Tuesday, April 14, 2009

The pest of temporal employment

We’re in the middle of a crisis and nobody wants to lose his or her job. That much is for sure. If that means drifting into temporal employment, then it has to be done. Really?


Even though I can’t say anything bad about my own temporal employment agency, I’ve had experiences enough. Usually, working for such an agency means lower pay than people who work directly for a company get. It also means being seen as someone lower up the ladder of the hierarchy. And it means, of course, that you never know how long you’ll be working somewhere.

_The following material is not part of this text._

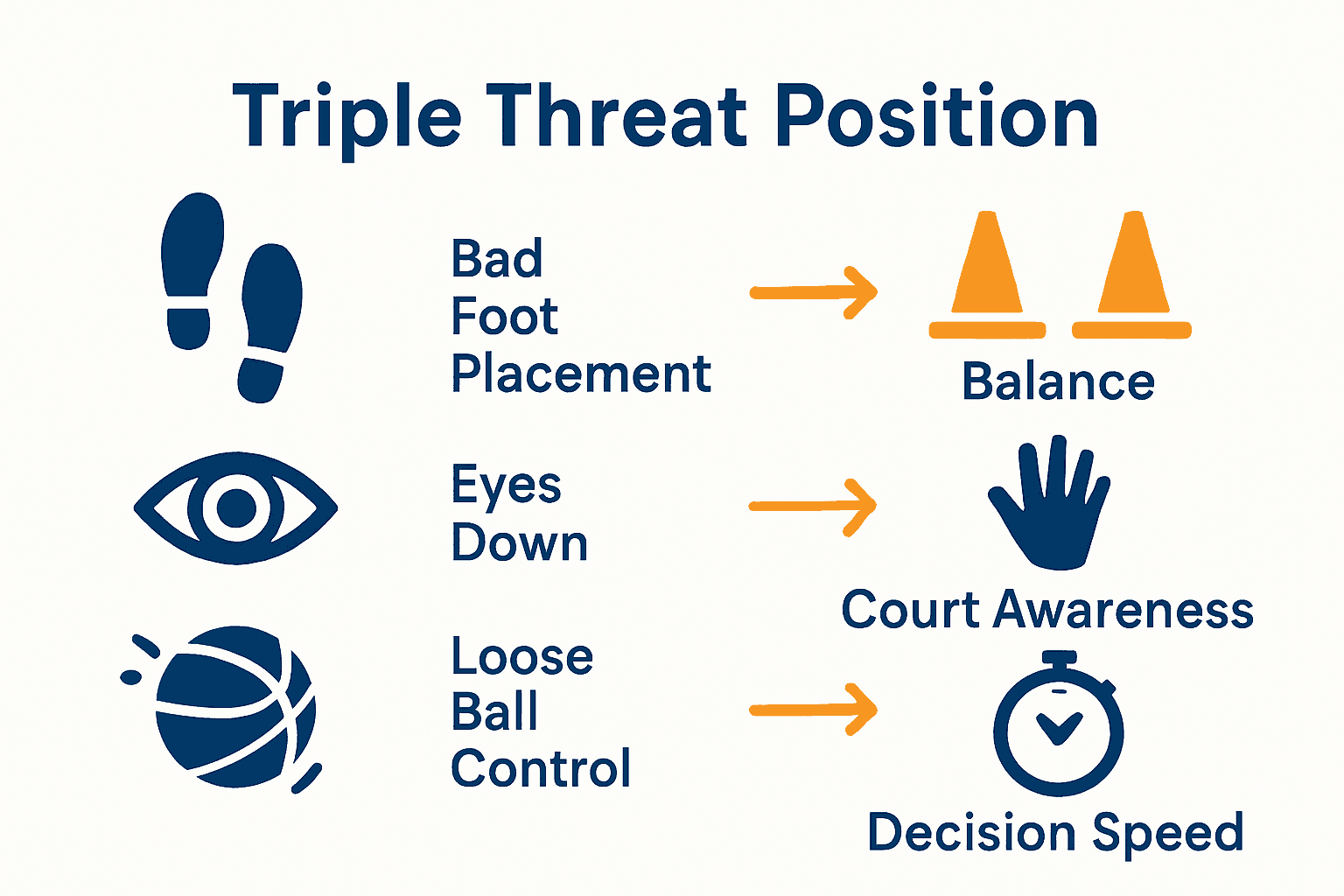 Infographic showing mistakes and drills for triple threat position.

All in all, working for a temporal employment agency is a rather uncertain affair. And it is something which more and more people in Germany get subjected to. In fact, there’s quite some companies which found their own agencies in order to put their workers into those agencies and then rent them back. That seems quite illogical, but it seems to work from a financial point of view.


At a time when the government wants more children, it makes the decision for people whether to become parents even harder. And politicians even claim that there is no other way...


Isn’t there? The global market just goes that far. There are jobs that can’t be taken to another, cheaper country. A lot of production has left Germany anyway. And some of them come back, because they realize that less pay might also mean less quality.

And there’s something we call the law. The government can make certain dealings of the companies illegal, if they decide it harms society. That’s why you create laws against something, because it harms society on the whole.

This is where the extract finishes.